Frame semantics is a theory of language understanding that addresses the paraphrase problem by providing slot-and-filler templates to represent frequently occurring, structured experiences. This dissertation introduces SemFrame, a system that induces semantic frames automatically from lexical resources (WordNet and the Longman Dictionary of Contemporary English [LDOCE]). Prior to SemFrame, semantic frames had been developed only by hand.

In SemFrame, frames are first identified by enumerating groups of verb senses that evoke a common frame. This is done by combining evidence about pairs of semantically related verbs, based on LDOCE's subject field codes, words used in LDOCE definitions and WordNet glosses, WordNet's array of semantic relationships, etc. Pairs are gathered into larger groupings, deemed to correspond to semantic frames. Nouns associated with the verbs evoking a frame are then analyzed against WordNet's semantic network to identify nodes corresponding to frame slots.

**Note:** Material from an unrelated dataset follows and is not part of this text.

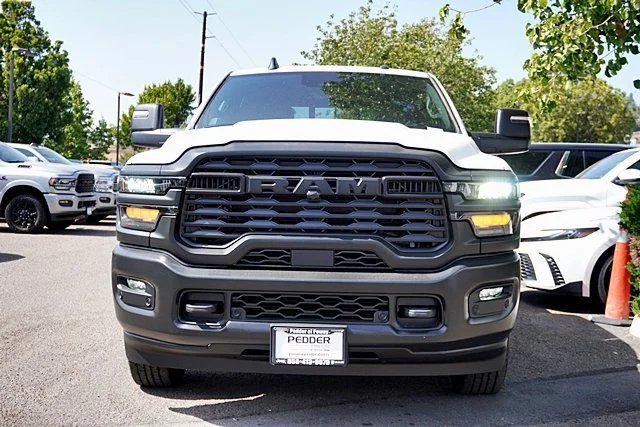 New 2026 Bright White Clear-Coat Exterior Paint RAM Tradesman image 5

SemFrame is evaluated in two ways: (1) Compared against the handcrafted FrameNet, SemFrame achieves its best recall-precision balance with 83.2% recall (based on SemFrame's coverage of FrameNet frames) and 73.8% precision (based on SemFrame verbs' semantic relatedness to other frame-evoking verbs). A WordNet-hierarchy-based lower bound achieves 52.8% recall and 46.6% precision. (2) A frame-semantic-enhanced version of Hearst's TextTiling algorithm, applied to detecting boundaries between consecutive documents, improves upon the non-enhanced TextTiling algorithm at statistically significant levels. (Previous enhancement of the text segmentation algorithm with thesaural relationships had degraded performance.)